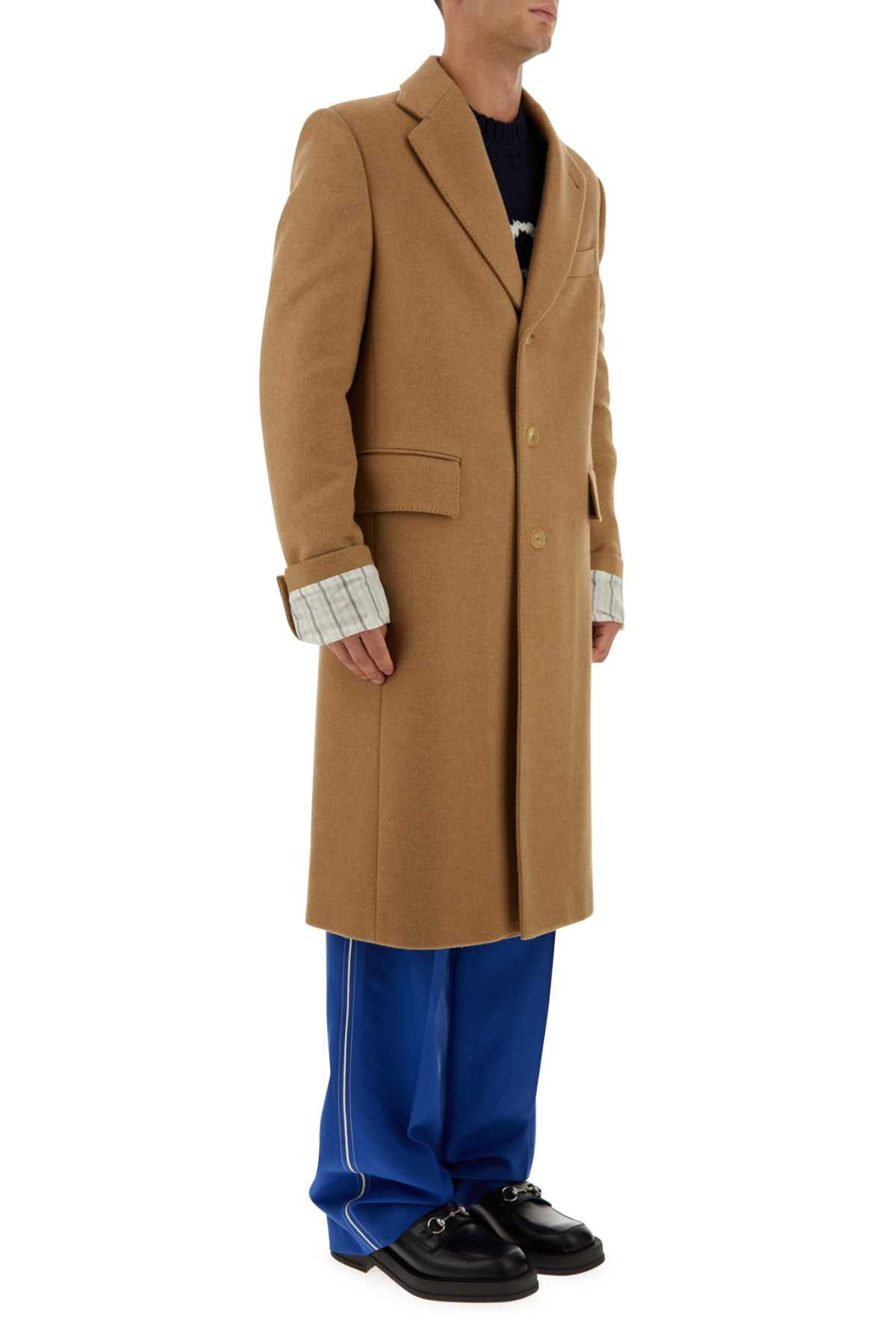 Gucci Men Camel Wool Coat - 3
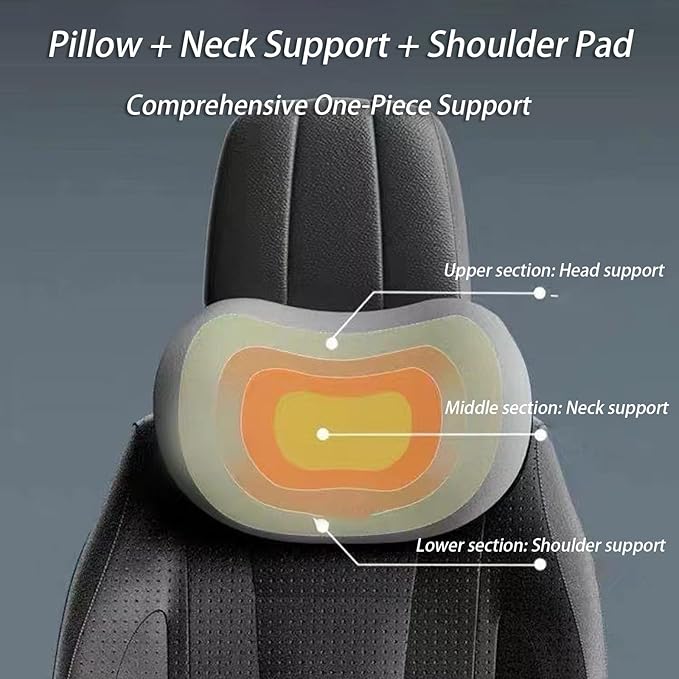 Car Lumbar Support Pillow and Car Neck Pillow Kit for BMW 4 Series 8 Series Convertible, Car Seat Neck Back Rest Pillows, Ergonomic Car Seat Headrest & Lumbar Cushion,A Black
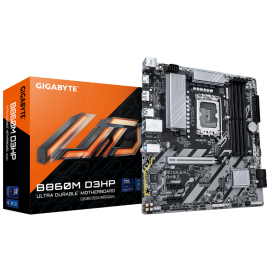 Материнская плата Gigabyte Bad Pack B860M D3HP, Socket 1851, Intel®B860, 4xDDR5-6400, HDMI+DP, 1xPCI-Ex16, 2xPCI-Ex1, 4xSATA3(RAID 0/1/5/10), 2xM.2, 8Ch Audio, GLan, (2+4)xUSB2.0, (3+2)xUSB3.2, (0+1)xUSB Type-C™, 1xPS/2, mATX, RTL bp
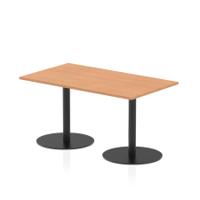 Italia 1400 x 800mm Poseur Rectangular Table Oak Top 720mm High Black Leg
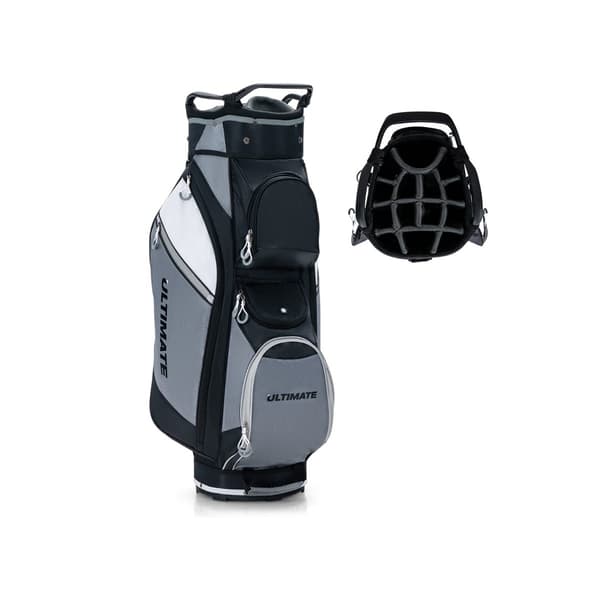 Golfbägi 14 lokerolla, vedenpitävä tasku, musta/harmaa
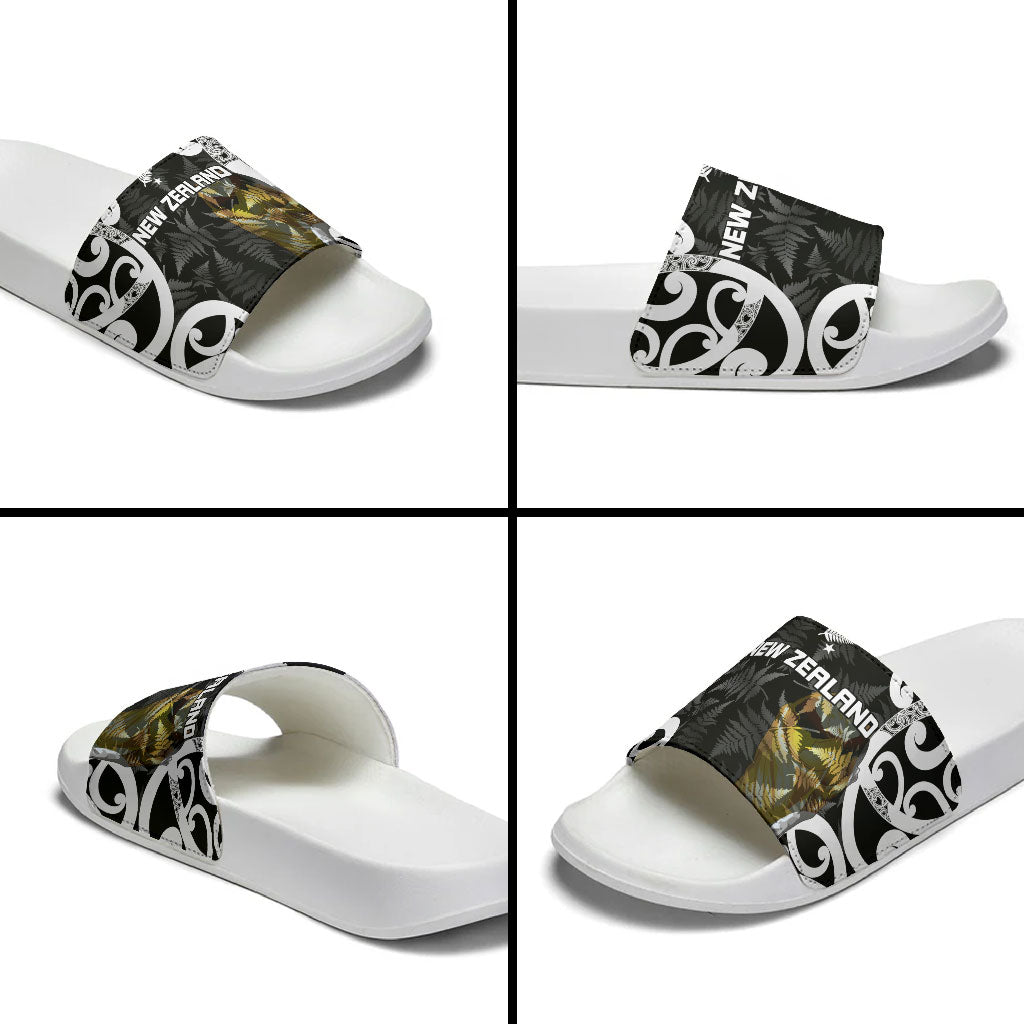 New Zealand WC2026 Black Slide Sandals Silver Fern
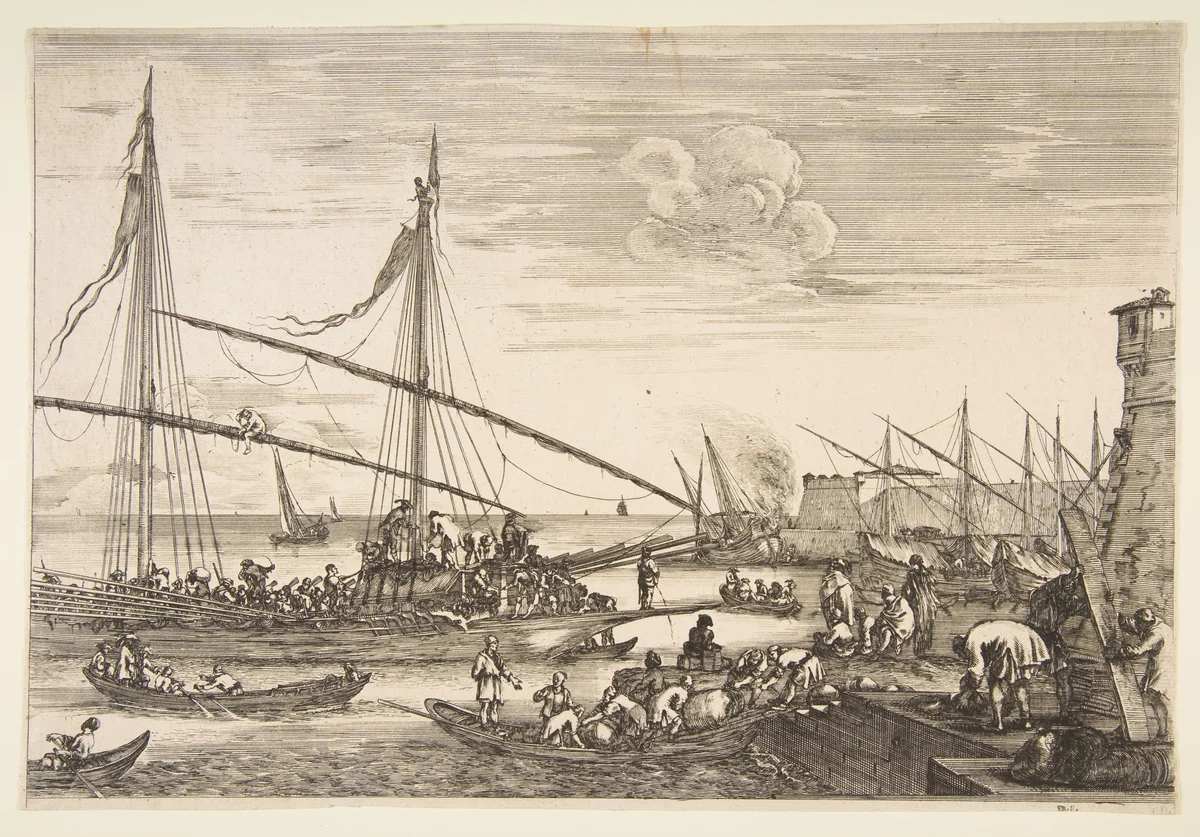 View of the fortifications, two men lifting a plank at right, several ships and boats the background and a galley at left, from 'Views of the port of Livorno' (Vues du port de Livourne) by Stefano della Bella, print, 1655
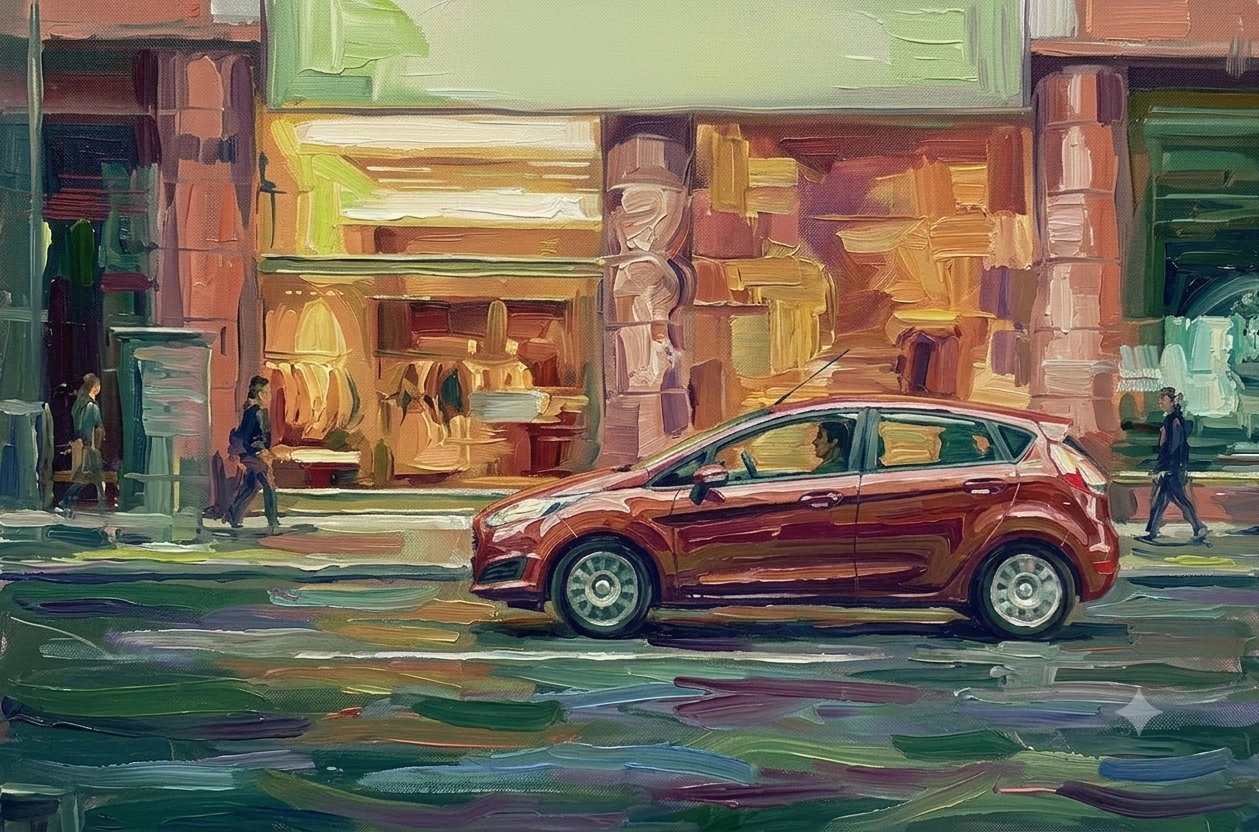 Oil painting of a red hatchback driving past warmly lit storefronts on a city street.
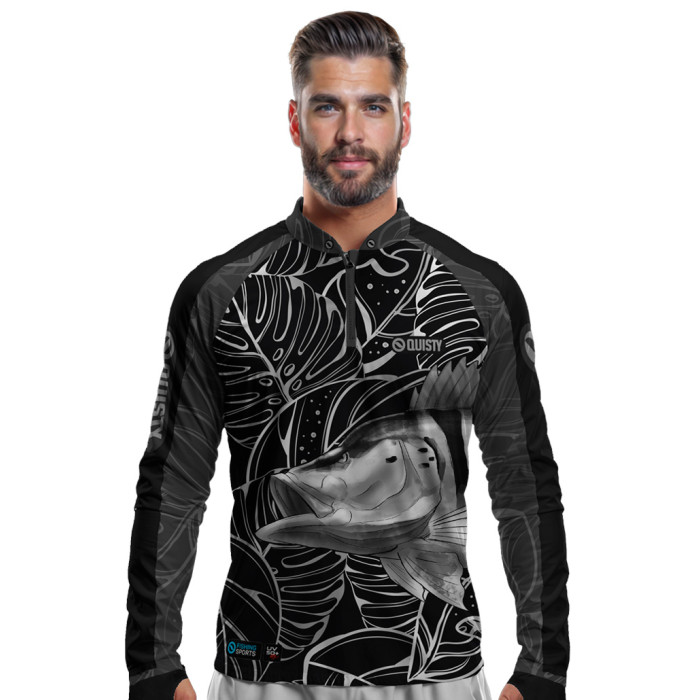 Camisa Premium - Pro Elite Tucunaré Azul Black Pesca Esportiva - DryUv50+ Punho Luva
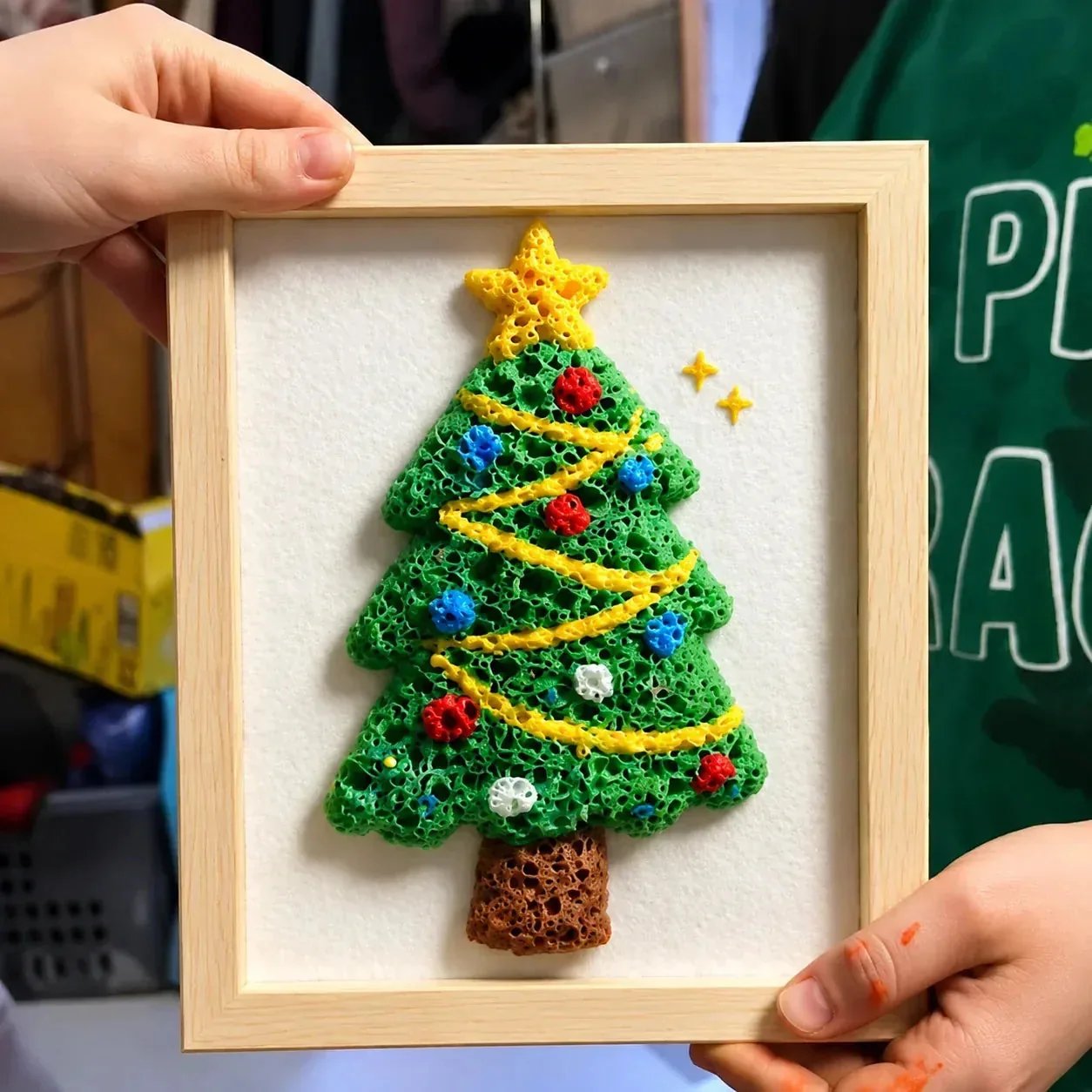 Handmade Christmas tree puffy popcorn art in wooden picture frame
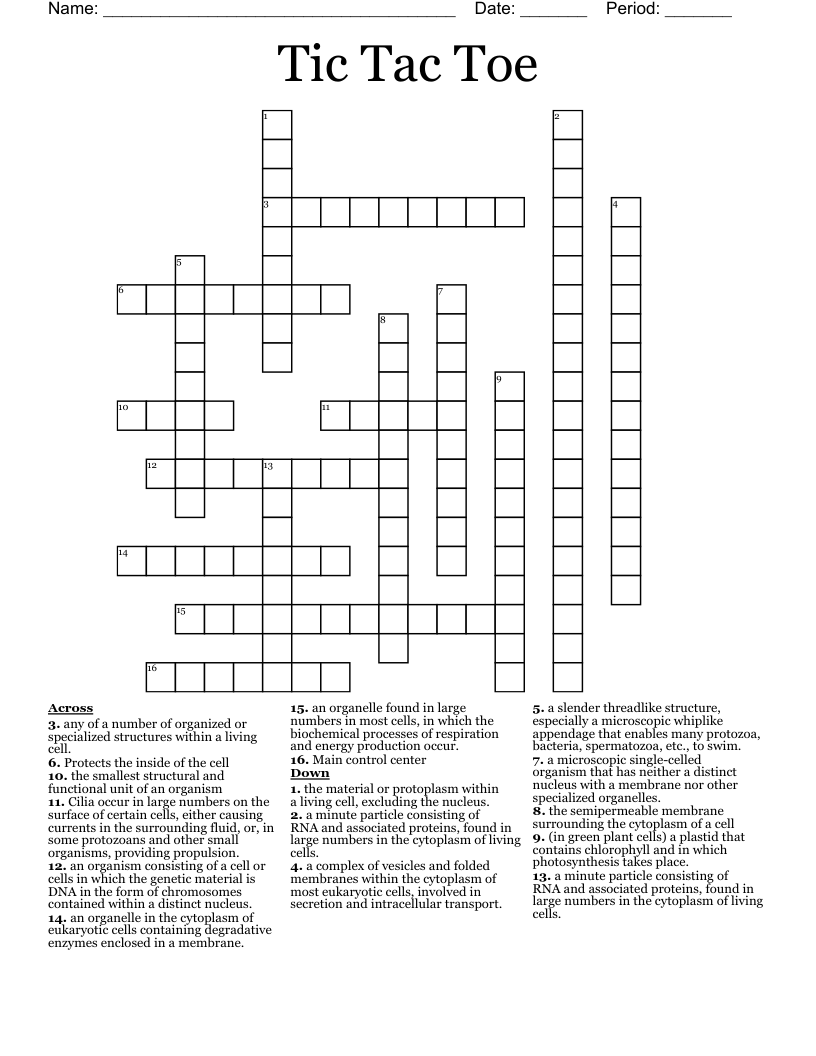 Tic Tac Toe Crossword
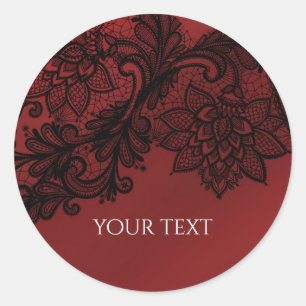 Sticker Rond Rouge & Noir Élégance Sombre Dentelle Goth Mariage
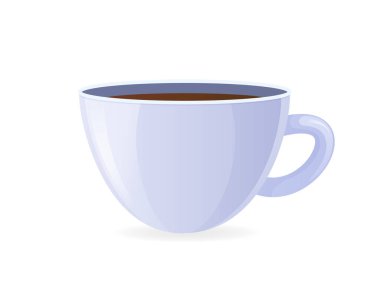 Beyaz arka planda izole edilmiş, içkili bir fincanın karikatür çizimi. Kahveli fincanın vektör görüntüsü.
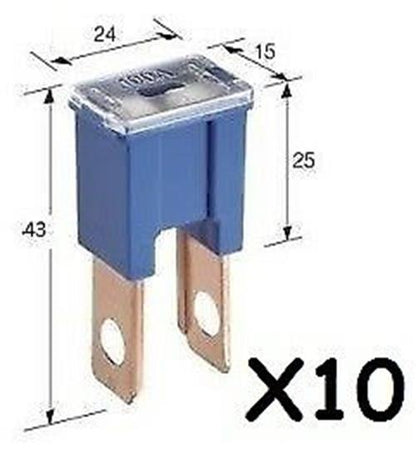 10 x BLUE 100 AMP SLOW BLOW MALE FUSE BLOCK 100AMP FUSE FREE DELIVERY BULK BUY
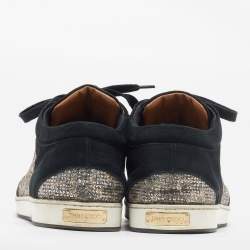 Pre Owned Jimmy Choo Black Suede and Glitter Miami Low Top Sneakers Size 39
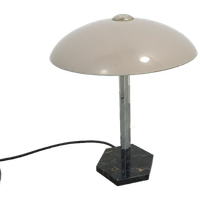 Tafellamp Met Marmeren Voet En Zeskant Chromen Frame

· · · · · · ·

WHAT IS REQUIRED: Repeat only the lines between the start of the data and the line with "Camisa Premium - Pro", including those two lines, and skip the pictures.

TASK OUTPUT:
 Gucci Men Camel Wool Coat - 3
 Car Lumbar Support Pillow and Car Neck Pillow Kit for BMW 4 Series 8 Series Convertible, Car Seat Neck Back Rest Pillows, Ergonomic Car Seat Headrest & Lumbar Cushion,A Black
 Материнская плата Gigabyte Bad Pack B860M D3HP, Socket 1851, Intel®B860, 4xDDR5-6400, HDMI+DP, 1xPCI-Ex16, 2xPCI-Ex1, 4xSATA3(RAID 0/1/5/10), 2xM.2, 8Ch Audio, GLan, (2+4)xUSB2.0, (3+2)xUSB3.2, (0+1)xUSB Type-C™, 1xPS/2, mATX, RTL bp
 Italia 1400 x 800mm Poseur Rectangular Table Oak Top 720mm High Black Leg
 Golfbägi 14 lokerolla, vedenpitävä tasku, musta/harmaa
 New Zealand WC2026 Black Slide Sandals Silver Fern
 View of the fortifications, two men lifting a plank at right, several ships and boats the background and a galley at left, from 'Views of the port of Livorno' (Vues du port de Livourne) by Stefano della Bella, print, 1655
 Oil painting of a red hatchback driving past warmly lit storefronts on a city street.
 Camisa Premium - Pro Elite Tucunaré Azul Black Pesca Esportiva - DryUv50+ Punho Luva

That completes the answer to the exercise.